Off in the distance, I can see some of the 17,447 finished houses that William Levitt built on what was once a potato farm. The Levitt workers were finishing a house every two hours, using mass production techniques and interchangeable parts. The property had its own lumber mill and cement factory. No house would have a basement. Levitt had to appeal to the federal government to get away with that. The local politicians feared what would happen when less-affluent people moved into these very affordable houses, but most of those people were GIs returning from the war, so Levitt got his way.

Levitt chose to use radiant heating for these houses because it was the cheapest heating system he could find. His chief engineer, Irwin Jalonack, came up with a design that was as simple as can be. You can see the soft-copper tubing in the photo. Elvis is pouring concrete over them. A rectangle of two-by-four studs holds the concrete in place. What looks like railroad spikes keep the studs from shifting under the spreading weight of the concrete. The tubing runs back and forth in direct contact with the ground. There is no insulation under the 4-inch thick slab or at its edges. There is no vapor barrier under the tubing. With Levittown, the rule was to get things done in a hurry.

They laid the copper across the tops of 8-foot lengths of 1-inch by 1-inch lumber to center it within the concrete. The lumber would be in direct contact with the ground, and since it ran perpendicular to the tubing, it would leave an open space beneath every tube within the slab once it rotted. That took about 10 years to happen.

The rotted lumber also created a perfect place for the slab to crack as time went by. That caused many of the tubes to leak water into the ground. The homeowners didn’t notice this at first because no water came up through their floors. Sooner or later, though, they’d notice it as an increase in their water bill, or their fuel-oil bill. That’s when they’d call for help.

 

WHEN PROBLEMS ARISE

J.D. Brower Plumbing & Heating, a long-gone Levittown company, ran an ad in the Levittown PennySaver in December 1958 when I was 8 years old and growing up a few miles away in Hicksville. The headline read: “This is the Radiant Heating Layout of your Levitt House. SAVE IT.” Below that was an engineer’s drawing of the tubing within the slab, along with the house trap and fuel-oil tank, both of which were buried under the front lawn. Those buried fuel-oil tanks would leak and cause an expensive problem for homeowners as time went by, but no one was thinking about that back then. 

There’s a note in the ad stating that J.D. Brower Plumbing & Heating was expert in radiant heating and they knew how to fix floor leaks and braze joints. They must have done very well for themselves because, as I said, Levitt poured 17,447 slabs on that potato field, and they were all identical. 

A Levittown plumber once said that he used a screwdriver to listen for the leaks in those slabs. 

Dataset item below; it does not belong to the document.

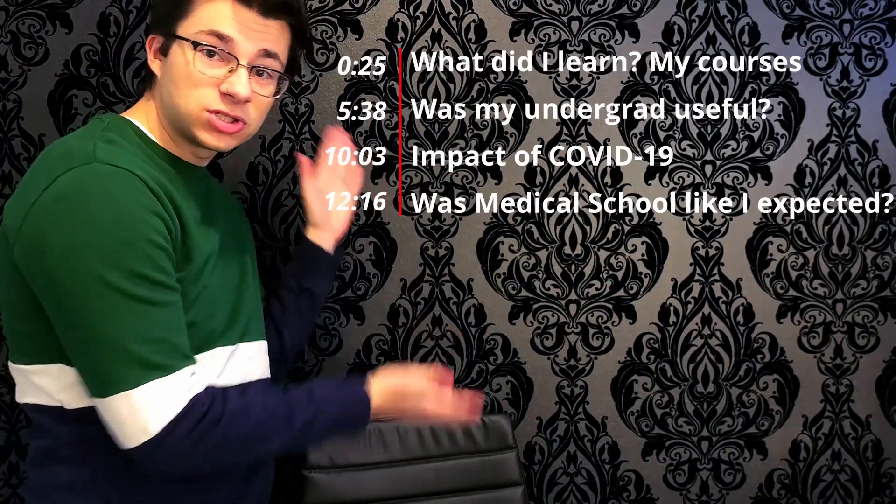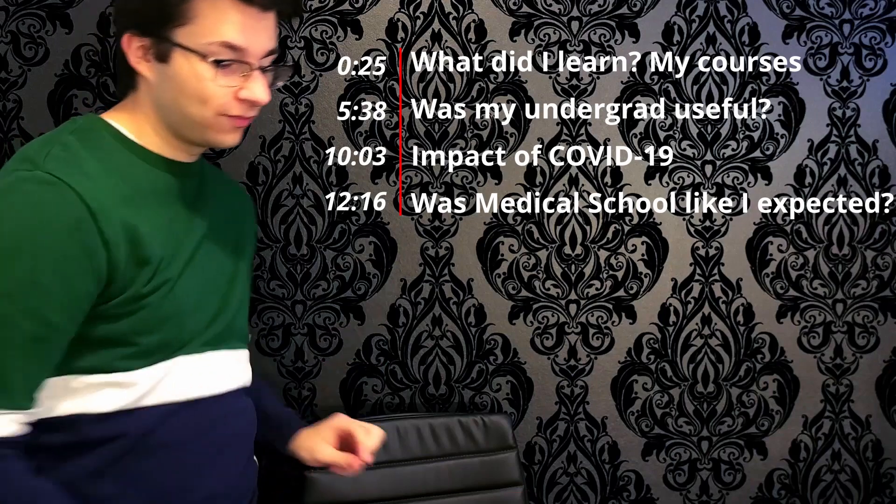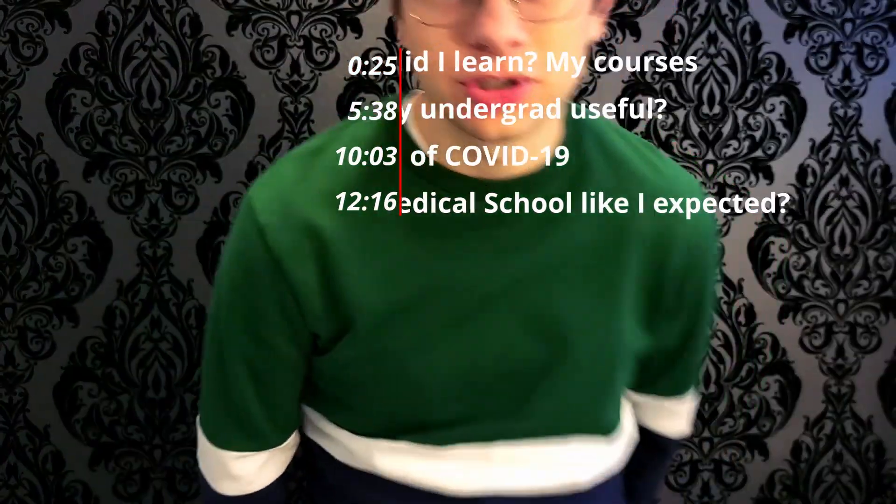Alright, so here's my attempt at doing some timestamps. So there you go. Now let's get into the first topic.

“I’d crawl around the floor with the handle pressed against my ear and the tip on the floor,” he said. “After a while, I moved up to using a stethoscope.”

“You were like Doctor Heat,” I said.

“I never thought of it that way,” he chuckled, “But yeah, I guess I was.”

“That sounds like hard work,” I said.

“It was. You had to be very quiet to hear the leak. But then I learned a better way to do it.”

“What was it?” I said.

“Oh, something a housewife taught me,” he laughed. “Go figure. A housewife teaching me how to find leaks.”

“Tell me.”

“Well, I was crawling around in her house and she was laughing at me and my stethoscope. I guess I must have looked pretty silly to her. She wanted to know if I heard the house’s heartbeat. I explained how this is how we find the leak and she said she had a better way.”

 

TIPS AND TRICKS

“You gonna tell me?”

“I’m getting there. Hold your horses. You’re gonna love it. She told me to take a seat at her kitchen table, which I did, and then she got a mop and a bucket of water. She started mopping the floor over there by the fridge and then she went and turned up the thermostat.”

“What happened?” I said.

“The pipes appeared! It was like magic. She told me she always turned up the heat to dry the floor because she didn’t want the kids to slip. She had four kids. Then she pointed to this part of the floor where it was drying in a big splotch instead of a straight line. She asked me if that’s what I was looking for, and sure enough, it was!”

“So simple,” I said.

“Yeah, she was a lot smarter than me, and I’m sure grateful for that trick. I used it for years.”

Another Levittown plumber told me he had an even better way of finding the leaks in those slabs. “I used a cat,” he said.

“A cat?”

“Yeah, a big fat one. You ever notice how a cat will always look for the warmest place to lay down? He’s going to find himself a sunny spot, or climb up on top of a cast-iron radiator.”

“I’ve noticed that,” I said.

“Well, when we needed to find the leak, we’d close all the window shades and let the cat loose in the house. Mine was so fat and lazy he couldn’t wait to lie down, and cats love radiant floors. So do dogs, but cats are better because they generally ignore people and just get to doing what’s best for them.”

“You’re a philosopher,” I said.

“Nah,” he said. “Just an old plumber.”

“So the cat would find the leak?” I said.

“He sure would, and in a hurry because the leak made more of the floor warm, and that’s what any fat cat wants — a warm place to lie down.”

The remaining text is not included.